Cornucopia’s Take: The innocuously named industry think tank, Information Technology and Innovation Foundation (ITIF), has filed a Citizen Petition [PDF] with the FDA to request a prohibition on use of Non-GMO labeling on food. ITIF stops short of declaring all GMOs safe in their petition, but they do argue that there is no scientific difference between genetic engineering and conventional breeding. This opinion is not shared by the World Trade Organization.
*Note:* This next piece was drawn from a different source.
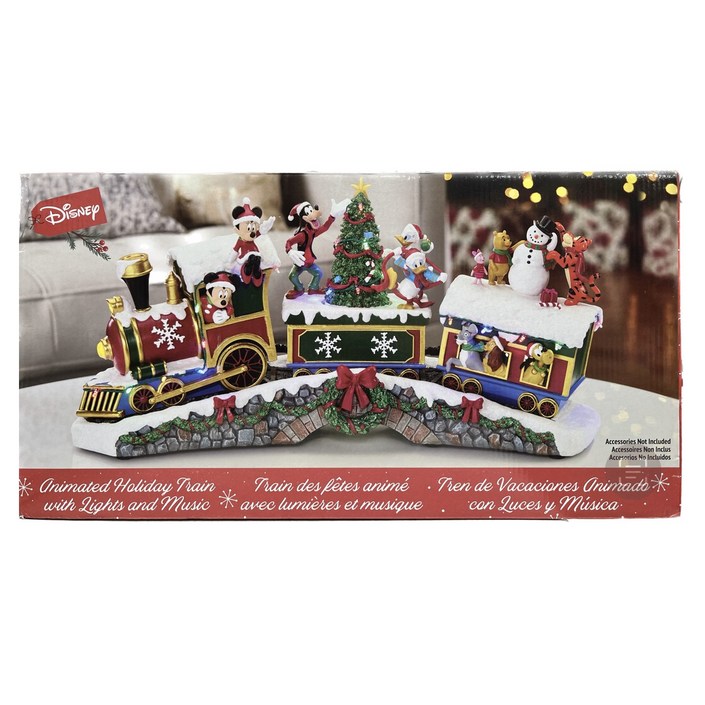 코스트코 크리스마스 디즈니 기차 장식 인테리어 조명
GMO products must be assessed for safety before they can be marketed (those assessments are generally made by the company seeking to sell the GMO product, but that issue is for another day).

The ITIF petition is spearheaded by Dr. Luther Val Giddings, who has spent the last 30 years immersed in “science and regulatory policy relating to biotechnology innovations in agriculture and biomedicine.” Giddings spent nine years working for the Biotechnology Industry Organization (BIO). According to 2014 and 2015 tax records, BIO has funded ITIF, a supposedly “independent 501(c)(3) nonprofit, nonpartisan research and educational institute,” in the past.


Petition filed by ITIF over false claims levied by Non-GMO Project
Wisconsin State Farmer
by ITIF

Source: Greg Emmerich

To counter false claims and allegations by the Non-GMO Project butterfly campaign, the Information Technology and Innovation Foundation (ITIF), the world’s top-ranked science and technology policy think tank, filed a Citizen Petition to the Commissioner of Food and Drugs calling on the Food and Drug Administration (FDA) to issue a regulation prohibiting the use of the term “Non-GMO” on consumer foods and goods and requiring distributors to omit any “Non-GMO” term or claims on their labeling.

“The ‘Non-GMO’ Project butterfly campaign deceives consumers through false and misleading claims about foods, food ingredients and their health and safety characteristics,” said ITIF Senior Fellow Val Giddings, who is leading the petition. “The campaign constitutes misbranding under the law, and the FDA should act in the best interest of consumers and protect them, as the law demands, against the confusion spread by these false claims.”

According to the Citizen Petition, the Non-GMO Project presumes the existence of a class of foods, “GMO,” that is arbitrary, has no basis in science, and is intrinsically misleading.

The Citizen Petition highlights the following statements of grounds:

  • The Non-GMO Project butterfly logo wrongly stigmatizes the so-called “GMOs” and, in doing so, misleads consumers
  • The Non-GMO Project makes false claims about food health and safety that are conveyed by the butterfly logo to misbrand foods and mislead consumers
  • The Non-GMO Project makes false claims about the science of “GMO” safety and, in doing so, misleads consumers
  • The Food Drug and Cosmetic Act prohibits labels that are “false or misleading in any particular,” and the butterfly logo is false and misleading on multiple grounds such that foods carrying it are misbranded.

Some food companies have resorted to placing non-GMO labels on products for which no genetically modified version exists. “The Non-GMO Project falsely implies that what happens randomly in nature is safer than what humans do deliberately, with care and foresight. Consumers deserve the truth about their food, and whether or not it has been bioengineered or otherwise improved by humans says absolutely nothing about the safety of the resulting product,” Giddings added.